The Pros and Cons of Month to Month Leases
It’s inevitable, either a tenant or owner will be faced with the question of extending a current lease in a fashion referred to “month-to-month”. What follows next is as inevitable as well. What are the pros and cons of a month-to-month lease? It’s not too uncommon of an option and it suits both tenants and owners well at times. Let’s look at the Pros and Cons of a month- to-month lease (also referred to as MTM).
Pros of Month-to-Month Leases
Flexible Lease Termination
Once a term lease (fixed period of time) ends, continuing to lease the same property in an MTM arrangement could continue indefinitely. It allows either party to end the lease at a time convenient to that party. For an owner, maybe they intend to sell the house in a few months and don’t wish to lock up a term lease and limit the type of buyers. For a tenant, a home purchase may be in the works in the coming months. An MTM can provide stability while buying a home and no need to double move or pay out the remainder of a term lease.
Reposition Term Lease End Dates
For an owner whose current lease term ends in a period of the year where the velocity of the market is not ideal (say December), an MTM lease can allow the owner to reposition the property for leasing in a more ideal time of year (like June). Repositioning can have a positive effect in the rent rate and reduced the days vacant in between tenants.
Penalty Free Lease Breaks
A month-to-month lease can be terminated at any time with a 30-day notice. Whereas a term lease may have a termination penalty for not fulfilling the entire term of the lease, an MTM lease does not have these penalties.
Increase Your Rent Rate
Since month-to-month leases pose some risk and offer flexibility, a premium rate can be achieved in most cases. Additionally, where most term leases will only allow rent adjustments at the time of renewal, MTM leases can be adjusted more frequently to mirror the activity in the market.
Cons of Month-to-Month Leases
Vacancy at a Bad Time
The same flexibility described in the Pros of the month-to-month can put your investment at risk of extended vacancy. A tenant providing a 30-day notice in October could lead to a vacant home over the November and December months or a reduction in rental rate to move the property over those times.
Potential Financial Instability
Planning and depending on certain income figures help with financial stability and managing stress. An unplanned vacancy can affect both – and in times if serious need. Maybe your income is seasonal, or there are big plans – vacation, life event, projects; a MTM lease ending in a time synchronized with other financial episodes can impact your bank account.

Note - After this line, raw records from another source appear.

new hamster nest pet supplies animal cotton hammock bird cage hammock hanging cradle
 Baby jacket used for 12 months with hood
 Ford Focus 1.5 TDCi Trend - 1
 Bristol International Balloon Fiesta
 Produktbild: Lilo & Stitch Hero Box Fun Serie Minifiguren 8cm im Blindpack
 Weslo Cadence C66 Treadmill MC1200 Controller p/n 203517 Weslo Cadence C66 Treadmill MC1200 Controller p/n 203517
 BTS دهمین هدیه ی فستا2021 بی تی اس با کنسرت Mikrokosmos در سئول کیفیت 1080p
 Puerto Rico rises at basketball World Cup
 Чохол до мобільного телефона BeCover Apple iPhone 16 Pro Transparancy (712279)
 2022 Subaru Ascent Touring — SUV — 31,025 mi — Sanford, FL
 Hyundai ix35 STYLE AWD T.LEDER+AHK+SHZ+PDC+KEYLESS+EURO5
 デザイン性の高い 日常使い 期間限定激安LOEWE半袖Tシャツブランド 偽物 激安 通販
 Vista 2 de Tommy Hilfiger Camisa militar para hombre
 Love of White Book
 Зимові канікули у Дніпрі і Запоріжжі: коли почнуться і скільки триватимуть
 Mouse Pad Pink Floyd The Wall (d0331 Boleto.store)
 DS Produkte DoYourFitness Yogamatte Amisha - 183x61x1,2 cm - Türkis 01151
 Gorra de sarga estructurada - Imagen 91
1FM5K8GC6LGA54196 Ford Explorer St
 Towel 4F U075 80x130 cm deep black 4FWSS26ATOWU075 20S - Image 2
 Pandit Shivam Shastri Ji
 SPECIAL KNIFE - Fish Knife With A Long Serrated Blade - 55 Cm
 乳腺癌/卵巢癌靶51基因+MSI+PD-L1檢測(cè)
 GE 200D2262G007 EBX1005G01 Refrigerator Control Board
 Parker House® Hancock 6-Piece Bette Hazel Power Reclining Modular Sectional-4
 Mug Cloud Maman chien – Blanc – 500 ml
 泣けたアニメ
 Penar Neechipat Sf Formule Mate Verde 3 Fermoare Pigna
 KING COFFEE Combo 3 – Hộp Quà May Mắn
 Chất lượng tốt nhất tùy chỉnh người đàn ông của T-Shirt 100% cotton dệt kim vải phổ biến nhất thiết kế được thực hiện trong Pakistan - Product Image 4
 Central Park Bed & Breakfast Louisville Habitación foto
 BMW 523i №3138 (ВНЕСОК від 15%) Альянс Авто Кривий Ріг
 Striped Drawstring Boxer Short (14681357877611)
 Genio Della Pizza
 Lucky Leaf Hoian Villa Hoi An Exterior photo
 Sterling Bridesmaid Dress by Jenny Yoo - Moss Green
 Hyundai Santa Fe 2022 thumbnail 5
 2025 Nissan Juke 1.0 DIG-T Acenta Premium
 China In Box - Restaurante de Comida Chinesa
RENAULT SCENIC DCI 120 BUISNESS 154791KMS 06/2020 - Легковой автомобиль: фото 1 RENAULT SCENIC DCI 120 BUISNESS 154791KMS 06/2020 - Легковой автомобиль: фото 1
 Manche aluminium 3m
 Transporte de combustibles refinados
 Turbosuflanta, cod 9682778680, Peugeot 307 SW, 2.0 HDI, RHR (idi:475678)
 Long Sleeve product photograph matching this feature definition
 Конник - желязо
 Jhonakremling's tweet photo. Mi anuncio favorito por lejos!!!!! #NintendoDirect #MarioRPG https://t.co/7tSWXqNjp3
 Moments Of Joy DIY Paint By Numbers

I’m a fan of the term lease; a set period of time to which all can plan. However, if a tenant is seeking some flexibility for a potential move, home purchase, or personal need, I can support this. The timing has to be right in terms of the time of year where it may allow a reset to a better time to be vacant in the calendar year. I don’t recommend MTM leases going into the fall/winter seasons. The other case where MTM is good is where a landlord is looking to sell or re-occupy their home in the near future. An MTM lease will allow all buyers (not just investors) to consider the home for purchase. A home with an extended term lease leaves the tenant with the right to occupy the property until the end of the lease. This may not mesh with a buyer looking to occupy.